§ Aim of the task
Write out each line from the data below that includes the word "фото".

··· Entries shown ···

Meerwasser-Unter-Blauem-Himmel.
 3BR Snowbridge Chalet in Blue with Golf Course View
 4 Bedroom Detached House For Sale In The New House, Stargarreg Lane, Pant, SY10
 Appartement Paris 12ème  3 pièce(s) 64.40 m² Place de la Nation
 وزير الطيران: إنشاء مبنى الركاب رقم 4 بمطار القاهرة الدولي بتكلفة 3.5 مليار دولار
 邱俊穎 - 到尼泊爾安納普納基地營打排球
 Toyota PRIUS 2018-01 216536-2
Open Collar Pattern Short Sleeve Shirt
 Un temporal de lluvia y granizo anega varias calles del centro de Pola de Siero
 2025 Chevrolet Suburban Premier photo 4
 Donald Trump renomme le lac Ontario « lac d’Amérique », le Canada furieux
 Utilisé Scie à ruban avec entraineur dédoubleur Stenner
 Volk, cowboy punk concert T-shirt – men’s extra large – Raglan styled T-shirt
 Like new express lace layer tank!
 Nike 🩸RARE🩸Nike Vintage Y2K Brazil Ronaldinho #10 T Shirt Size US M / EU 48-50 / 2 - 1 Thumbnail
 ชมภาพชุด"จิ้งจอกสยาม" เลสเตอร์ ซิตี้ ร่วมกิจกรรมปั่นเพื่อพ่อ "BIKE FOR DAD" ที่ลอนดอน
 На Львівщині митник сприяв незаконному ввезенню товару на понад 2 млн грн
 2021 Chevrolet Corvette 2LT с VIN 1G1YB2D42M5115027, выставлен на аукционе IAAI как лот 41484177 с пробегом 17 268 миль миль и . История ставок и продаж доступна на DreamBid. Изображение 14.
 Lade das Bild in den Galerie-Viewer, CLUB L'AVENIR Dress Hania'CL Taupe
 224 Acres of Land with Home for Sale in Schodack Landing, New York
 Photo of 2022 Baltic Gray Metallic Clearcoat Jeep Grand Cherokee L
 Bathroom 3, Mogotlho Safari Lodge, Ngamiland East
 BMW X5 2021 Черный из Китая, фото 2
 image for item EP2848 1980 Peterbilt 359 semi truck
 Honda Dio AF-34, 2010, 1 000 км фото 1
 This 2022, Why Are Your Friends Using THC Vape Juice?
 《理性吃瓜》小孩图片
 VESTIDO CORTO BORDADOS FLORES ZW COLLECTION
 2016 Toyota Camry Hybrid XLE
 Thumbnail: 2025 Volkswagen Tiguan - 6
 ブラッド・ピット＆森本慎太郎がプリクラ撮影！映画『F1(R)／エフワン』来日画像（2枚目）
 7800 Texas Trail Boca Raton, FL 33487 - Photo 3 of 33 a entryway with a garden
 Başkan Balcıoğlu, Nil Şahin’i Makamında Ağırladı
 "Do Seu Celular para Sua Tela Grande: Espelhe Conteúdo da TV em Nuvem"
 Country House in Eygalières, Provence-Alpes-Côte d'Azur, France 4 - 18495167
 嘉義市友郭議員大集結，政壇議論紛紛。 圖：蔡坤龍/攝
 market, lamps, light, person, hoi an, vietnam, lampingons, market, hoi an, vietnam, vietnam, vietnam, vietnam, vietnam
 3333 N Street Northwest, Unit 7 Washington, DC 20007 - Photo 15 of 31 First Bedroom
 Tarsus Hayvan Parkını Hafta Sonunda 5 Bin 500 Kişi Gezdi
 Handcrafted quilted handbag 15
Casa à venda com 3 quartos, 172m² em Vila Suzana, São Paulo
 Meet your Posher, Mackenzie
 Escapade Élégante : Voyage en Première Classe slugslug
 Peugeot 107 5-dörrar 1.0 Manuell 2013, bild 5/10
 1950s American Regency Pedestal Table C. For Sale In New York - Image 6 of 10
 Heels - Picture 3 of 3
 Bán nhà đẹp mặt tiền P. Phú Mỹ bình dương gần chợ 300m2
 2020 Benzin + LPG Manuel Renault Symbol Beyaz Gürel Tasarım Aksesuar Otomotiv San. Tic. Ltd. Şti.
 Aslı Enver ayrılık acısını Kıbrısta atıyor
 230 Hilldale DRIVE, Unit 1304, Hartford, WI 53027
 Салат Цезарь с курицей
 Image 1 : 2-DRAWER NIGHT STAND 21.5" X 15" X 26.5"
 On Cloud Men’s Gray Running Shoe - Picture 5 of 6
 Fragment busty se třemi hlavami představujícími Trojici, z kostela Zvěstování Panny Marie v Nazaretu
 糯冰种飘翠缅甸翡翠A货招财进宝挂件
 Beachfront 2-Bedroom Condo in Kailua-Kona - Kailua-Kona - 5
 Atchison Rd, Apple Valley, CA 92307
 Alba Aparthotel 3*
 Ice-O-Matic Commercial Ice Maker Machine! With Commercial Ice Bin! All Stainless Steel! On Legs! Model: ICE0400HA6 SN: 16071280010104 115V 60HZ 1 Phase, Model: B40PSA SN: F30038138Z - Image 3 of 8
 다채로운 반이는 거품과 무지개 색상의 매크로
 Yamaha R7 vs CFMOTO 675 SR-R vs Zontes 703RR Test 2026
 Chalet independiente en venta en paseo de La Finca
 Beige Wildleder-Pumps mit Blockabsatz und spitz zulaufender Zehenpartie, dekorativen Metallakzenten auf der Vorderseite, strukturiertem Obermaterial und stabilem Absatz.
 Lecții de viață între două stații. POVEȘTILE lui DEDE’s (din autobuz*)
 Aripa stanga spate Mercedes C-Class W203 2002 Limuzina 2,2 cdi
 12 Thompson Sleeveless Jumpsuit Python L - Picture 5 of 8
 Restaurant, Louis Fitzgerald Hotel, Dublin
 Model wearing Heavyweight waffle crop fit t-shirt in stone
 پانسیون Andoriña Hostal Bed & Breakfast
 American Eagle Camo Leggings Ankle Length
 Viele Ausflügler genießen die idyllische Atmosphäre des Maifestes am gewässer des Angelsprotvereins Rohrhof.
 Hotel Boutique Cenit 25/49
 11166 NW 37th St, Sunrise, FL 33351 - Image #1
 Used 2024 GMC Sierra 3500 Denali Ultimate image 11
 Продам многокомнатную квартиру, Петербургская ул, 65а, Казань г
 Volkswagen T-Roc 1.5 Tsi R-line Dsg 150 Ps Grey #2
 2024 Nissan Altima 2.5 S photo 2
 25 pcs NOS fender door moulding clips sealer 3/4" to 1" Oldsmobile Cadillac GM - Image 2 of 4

···

§ Answer to this exercise
 BMW X5 2021 Черный из Китая, фото 2
 Honda Dio AF-34, 2010, 1 000 км фото 1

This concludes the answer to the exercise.